To honor our 2020 Lifetime Achievement Award recipient Robert Williams, we’d like to share congratulations from our friends at Tiffen, alongside some images from his time in Washington. Check this page for more content as we continue to honor Robert.
My interest in photography started in the summer of 1967 when a friend’s older sister told us about a movie, “Blow-Up,” in which a photographer enlarges an image again and again to reveal what appears to be a murder. Her description of the darkroom scene was very compelling. While attending both junior high and high school, I took the only two courses in still photography available and learned the basics of black and white film photography.

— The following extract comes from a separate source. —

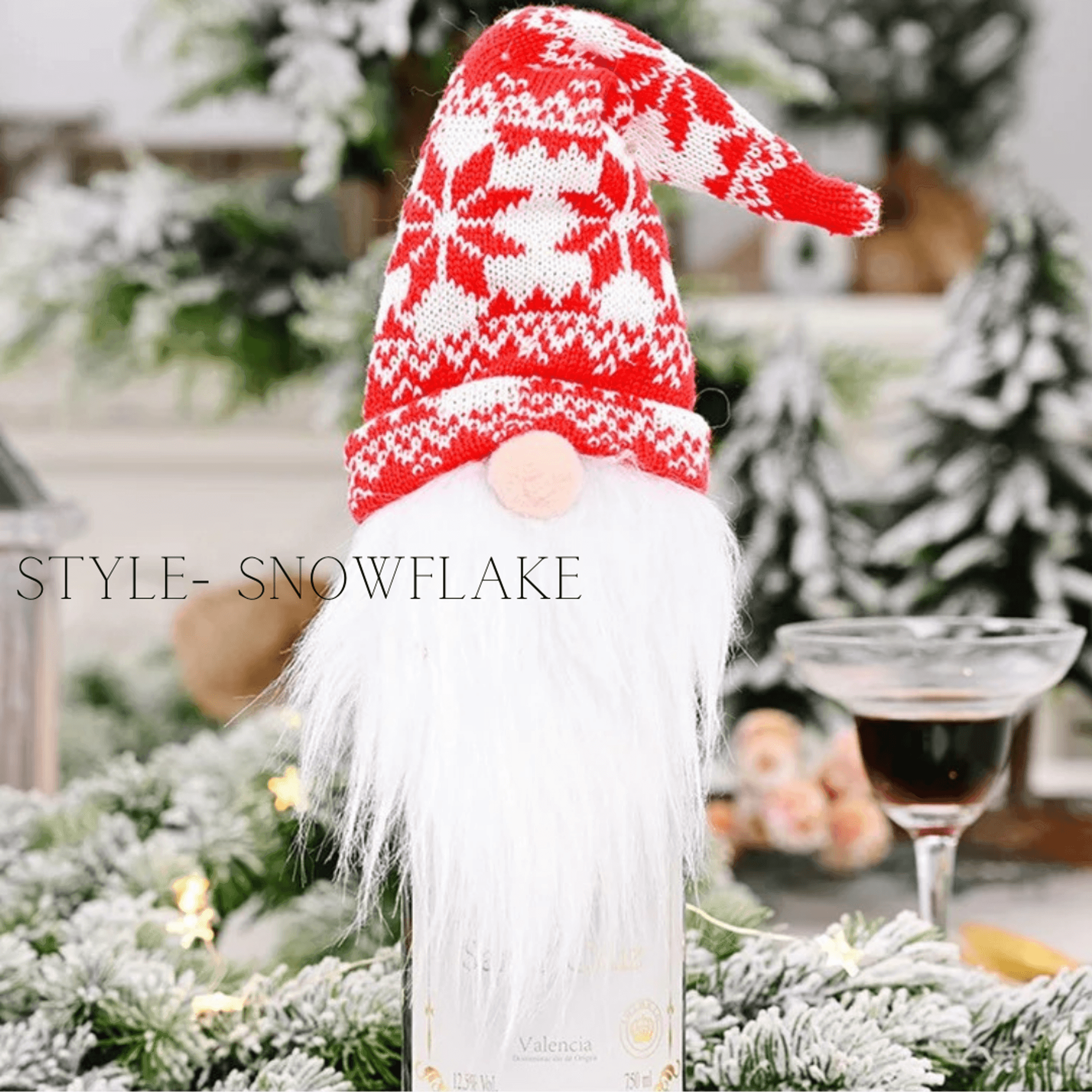 Festive Holiday Gnome Wine Hat For Charming Gift Decor - PRHOMZ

I participated in track and field at South Carolina State College, but there were no photo programs or classes and I still had a passion to become a photographer. When a family member who was in the Navy suggested that I try to become a Navy photographer, I joined the service in 1975. I finished the Navy’s basic photo school in Pensacola, Fla., and was sent to the Philippines.

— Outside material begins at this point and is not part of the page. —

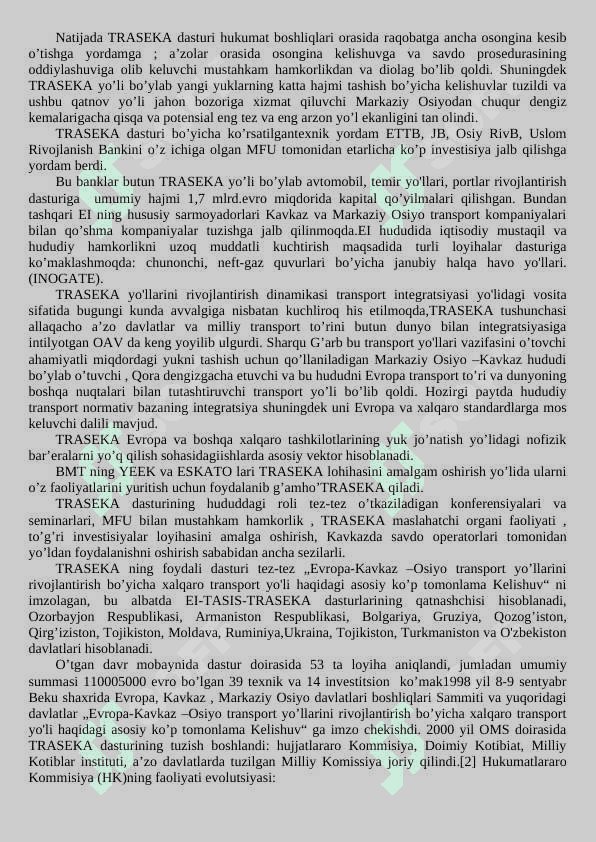 O’zbekiston iqtisodiyoti rivojlanishida xalqaro transport yo’llarining roli. 6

The Fleet Air Photo Lab at Cubi Point had me working with all formats of cameras from 35mm to 9-inch and completing a lot of lab work that went with the various types of shooting. The most interesting assignments were in photo recon with various P-3 squadrons tracking Soviet ship and submarine movements in the Indian Ocean. During two tours on the aircraft carrier USS Kitty Hawk, I became a leading petty officer, running both b&w and color film processing and printing for the night shift.
In 1980, I reenlisted and was sent to Japan, where I was first exposed to ENG photography using portable video cameras and the Sony 3/4 in video tape. Seeing the instant playback in color and with synchronized audio was a revelation. I knew what I wanted to do — work as a TV camera person in the field — and for two years in Japan I did just that. The AFRTS Far East Network aired my work.
My first TV mentor, Cmdr. Octavio “Toby” Marquez, secured my spot in the Navy/Marine Cinema Program at the University of Southern California. After completing the yearlong program that dealt with all aspects of film and TV production, I was ordered to Washington to join Cmdr. Marquez’ film unit. When the Navy moved to video tape production I was absorbed into the Navy Broadcasting Service and worked on a weekly news show for military personnel. I met many camera people working at various news organizations and decided that I wanted to work in the civilian news media.
After leaving the Navy in 1986, I earned a degree in RTVF at the University of Maryland while working as a freelance camera operator for small independent news organizations. My second TV mentor, Andy Cassells, hired me at the D.C. bureau of Cox Broadcasting, which owned seven stations coast to coast. I shot, edited and did live shots three times a day for 8 1/2 years. The day I became a member of the WHNPA, in 1989, was one of my proudest.
While working at Cox I covered the 1988 Democratic convention in Atlanta and watched a young governor from Arkansas give one of the most long-winded speeches I’d ever heard. I also covered the campaign and inauguration of George H.W. Bush and the Senate confirmation hearings for Justice Clarence Thomas. In 1996 NBC News hired me for its new 24-hour cable network, MSNBC, as an editor/camera person. Two more mentors made it possible: Wolfie Fraser and Tony Capra. Once at NBC I was absorbed into the D.C. bureau field camera operations.
My 22-year career at NBC took me to 40 countries over five continents. I traveled throughout Africa with Presidents Clinton, George W. Bush and Obama. I covered Obama’s presidential nomination and subsequent inauguration. I documented the tragic Virginia Tech shootings and the joyous opening of the Martin Luther King Jr. Memorial. Several WHNPA members, including Rodney Batten, Shelly Fielman, Frank Gibson, George Fridrich and Percy Arrington, helped mentor me during this time to hone my craft.
As of 2008 I became increasingly involved with our union local NABET 31, first as a shop steward, then as vice president and in October 2018 as the locals president. I retired from NBC in February 2019 and became a full-time union locals president. I find this position to be extremely rewarding in that I can advocate and negotiate for better working conditions for my sister and brother technicians. It also allows me to help young folks get a foot in the door of the broadcast industry.
This recognition wouldn’t have been possible without the support and love of my family, especially my wife, Vicki, and sons Carlos, Chris and Ryan. I love you guys — and thanks for putting up with my unusual jobs over the years. Finally, my thanks to the WHNPA for bestowing this great honor on me. I am forever honored and humbled to join an elite group.